TASK DIRECTIONS »
Please give the count of lines below that include "wearing" and leave out everything else.

━━━━━━━━━━

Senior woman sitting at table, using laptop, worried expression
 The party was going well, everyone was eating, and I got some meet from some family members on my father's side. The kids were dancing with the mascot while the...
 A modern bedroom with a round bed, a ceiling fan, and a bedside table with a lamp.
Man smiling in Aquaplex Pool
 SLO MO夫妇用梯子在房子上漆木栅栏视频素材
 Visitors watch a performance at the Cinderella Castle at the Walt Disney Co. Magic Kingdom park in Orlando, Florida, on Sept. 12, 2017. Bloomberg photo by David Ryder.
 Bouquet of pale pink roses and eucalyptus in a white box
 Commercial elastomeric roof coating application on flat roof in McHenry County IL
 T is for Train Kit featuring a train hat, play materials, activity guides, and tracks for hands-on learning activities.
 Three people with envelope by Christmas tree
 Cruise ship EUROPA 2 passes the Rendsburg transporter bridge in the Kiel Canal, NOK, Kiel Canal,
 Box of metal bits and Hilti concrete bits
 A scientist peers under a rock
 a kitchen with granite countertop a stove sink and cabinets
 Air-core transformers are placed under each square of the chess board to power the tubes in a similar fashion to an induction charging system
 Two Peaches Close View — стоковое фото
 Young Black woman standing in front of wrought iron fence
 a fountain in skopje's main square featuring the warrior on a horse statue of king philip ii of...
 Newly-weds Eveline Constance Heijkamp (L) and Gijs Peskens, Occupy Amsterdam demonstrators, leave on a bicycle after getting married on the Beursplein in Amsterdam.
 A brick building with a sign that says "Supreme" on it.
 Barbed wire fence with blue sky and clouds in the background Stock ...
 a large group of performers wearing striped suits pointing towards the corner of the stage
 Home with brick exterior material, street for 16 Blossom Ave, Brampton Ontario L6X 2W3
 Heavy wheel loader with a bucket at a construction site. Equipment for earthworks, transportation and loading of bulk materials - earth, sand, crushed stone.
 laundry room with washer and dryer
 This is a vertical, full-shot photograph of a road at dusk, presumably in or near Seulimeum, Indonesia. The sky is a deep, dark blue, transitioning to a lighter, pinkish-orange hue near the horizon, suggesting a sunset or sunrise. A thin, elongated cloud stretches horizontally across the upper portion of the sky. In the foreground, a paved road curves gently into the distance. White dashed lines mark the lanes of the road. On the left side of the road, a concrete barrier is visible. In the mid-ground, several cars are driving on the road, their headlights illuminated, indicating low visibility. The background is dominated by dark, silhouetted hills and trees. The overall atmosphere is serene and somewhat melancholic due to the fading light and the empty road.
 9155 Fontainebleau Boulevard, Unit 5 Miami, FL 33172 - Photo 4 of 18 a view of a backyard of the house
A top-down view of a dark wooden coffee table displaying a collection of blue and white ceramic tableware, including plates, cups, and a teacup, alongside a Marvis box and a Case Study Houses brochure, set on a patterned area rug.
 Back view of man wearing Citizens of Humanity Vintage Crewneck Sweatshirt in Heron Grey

━━━━━━━━━━

OUTPUT OF THE TASK »
2